En los primeros años de la crisis los think tank de este capitalismo
salvaje se asustaron con la perspectiva de una revuelta popular. Nos dijeron
que “lo sentían mucho” y que “no volvería a pasar nunca más”. Anunciaron una
refundación del capitalismo pero enseguida vieron que era mucho más productivo
refundar el estado del bienestar y volverlo chiquitito, minúsculo tan reducido
como los salarios de los que alimentan con su trabajo la maquinaria de sus
ganancias.
Inyectaron provisionalidad y miedo en grandes dosis. El tono moral de la
sociedad en general ha sido de resignación pública e indignación privada. Arden
las redes, sobrevuelan maldiciones en conversaciones de bares y centros de
trabajo pero la calle (ay, la calle que cuando se hace millonaria en cuerpos
todo lo cambia), ha permanecido silenciosa y tranquila, con gloriosas
excepciones de mareas y herederos del 15-M.

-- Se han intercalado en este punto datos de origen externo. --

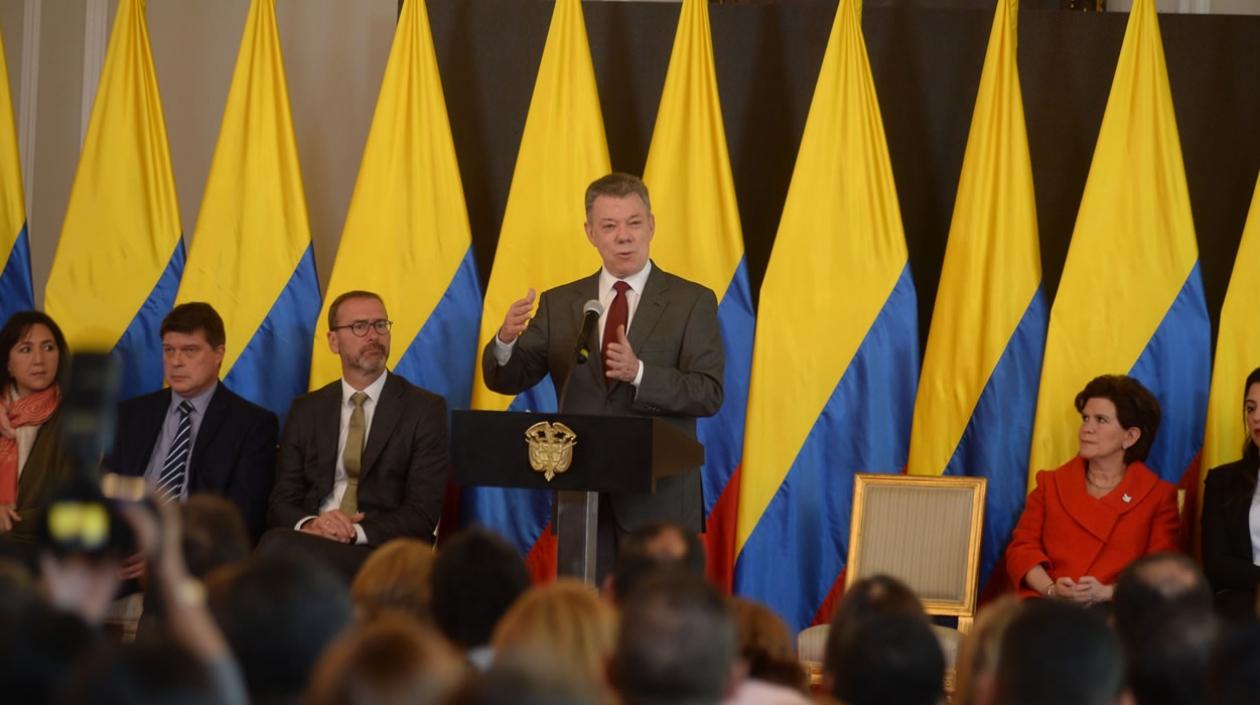 El presidente colombiano, Juan Manuel Santos en la entrega del Premio Nacional de Alta Gerencia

Pero la derecha es previsora y barrunta que puede empezar un lento
movimiento social que pretenda recuperar derechos, aumentar salarios y devolver
la calidad perdida de los servicios públicos. Por eso, justo cuando publicitan
el fin de la crisis económica, promulgan una ley represora que intenta cortar
las protestas de raíz, por vía gubernativa y sin apelación posible.
Creíamos que no tenían en cuenta a los movimientos sociales pero han tomado
exacta cuenta de sus acciones y han diseñado un traje a medida para terminar
con sus movilizaciones. Vean algunas de ellas:
Contra el 15-M: ya no se podrá volver a acampar en Sol ni en Las Setas de
Sevilla, ni en ningún espacio público.
No se podrá acompañar a las víctimas de los desahucios porque supone
obstaculizar la labor de funcionarios públicos.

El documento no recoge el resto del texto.